A car is travelling along a straight horizontal road. The car takes 120 s to travel between
two sets of traffic lights which are 2145 m apart. The car starts from rest at the first set of
traffic lights and moves with constant acceleration for 30 s until its speed is 22 m s–1. The
car maintains this speed for T seconds. The car then moves with constant deceleration,
coming to rest at the second set of traffic lights.
(a) Sketch, in the space below, a speed-time graph for the motion of the car between the
two sets of traffic lights.
(2)
(b) Find the value of T.
(3)
A motorcycle leaves the first set of traffic lights 10 s after the car has left the first set of
traffic lights. The motorcycle moves from rest with constant acceleration, a m s–2, and
passes the car at the point A which is 990 m from the first set of traffic lights. When the
motorcycle passes the car, the car is moving with speed 22 m s–1.
(c) Find the time it takes for the motorcycle to move from the first set of traffic lights to
the point A.
(4)
(d) Find the value of a.
I dont understand part c, I've looked at the mark scheme and it doesn;t help so if anyone can explain please, thanks

A motorcycle leaves the first set of traffic lights 10 s after the car has left the first set of
traffic lights. The motorcycle moves from rest with constant acceleration, a m s–2, and
passes the car at the point A which is 990 m from the first set of traffic lights. When the
motorcycle passes the car, the car is moving with speed 22 m s–1.
(c) Find the time it takes for the motorcycle to move from the first set of traffic lights to
the point A.

Right, I worked out that the time taken by the car is 60, then I subtracted 10 seconds seeing as the motorcycle started 10 seconds after the car, however I don't see the sense in what I've done, it is the correct answer however doing it this way, it's assuming that the motorcycle accelerates until 22m/s doesn't it? And thats not explicitly stated?
thanks again

If you quote people it makes it easier for them to notice that you've replied

But yes, it is making that assumption and it's stated in the question:

The motorcycle moves from rest with constant acceleration, a m s–2

which means it does accelerate until 22m/s and even beyond.
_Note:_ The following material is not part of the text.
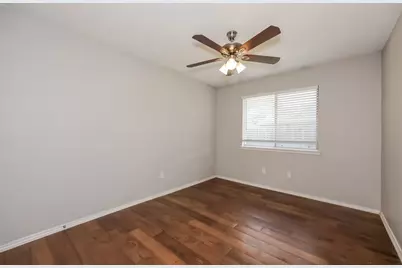 6339 Everglade Circle, Dallas, TX 75227 - Photo 14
Right, I'm still not sure...
I have done area of triangle for initial accel of car to find the diastance moved during that accelerating period= 0.5(30)*22=330
Then minus that from the overall area=990-330=660 then the time taken to move this distance is 660/22=30 30+30=60
60-10=50
What I don't understand is why we are using the cars values, I understand that they meet at the same point, however I don't understand that the motorcycle would always be 10 seconds behind the car bcos the car changes speed and then has a constant speed so surely the time difference would change?

Hmm. I'm finding this a bit difficult to explain.
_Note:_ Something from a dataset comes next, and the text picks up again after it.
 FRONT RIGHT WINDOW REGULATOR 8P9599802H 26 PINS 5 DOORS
It may help if you haven''t already to draw the distance-time line for the motorcycle on the one you've drawn already.

They meet at a time t. But the clock starts ticking from 0 - the motorcycle does nothing for 10 seconds while the car starts moving. Yes, the motorcycle starts 10 seconds after the car but it doesn't mean that distance wise they're always 10 seconds apart.

The motorcycle keeps closing the gap until they meet at time t. The car takes t seconds to get to that point, whereas the motorcycle takes t-10 seconds, because of the start. Hence you're using the car values because you know the motorcycle did the distance 10 seconds faster than the car did, and you have enough information for the car.

Let me know if that hasn't cleared things up and I'll try and think of something a bit easier to understand.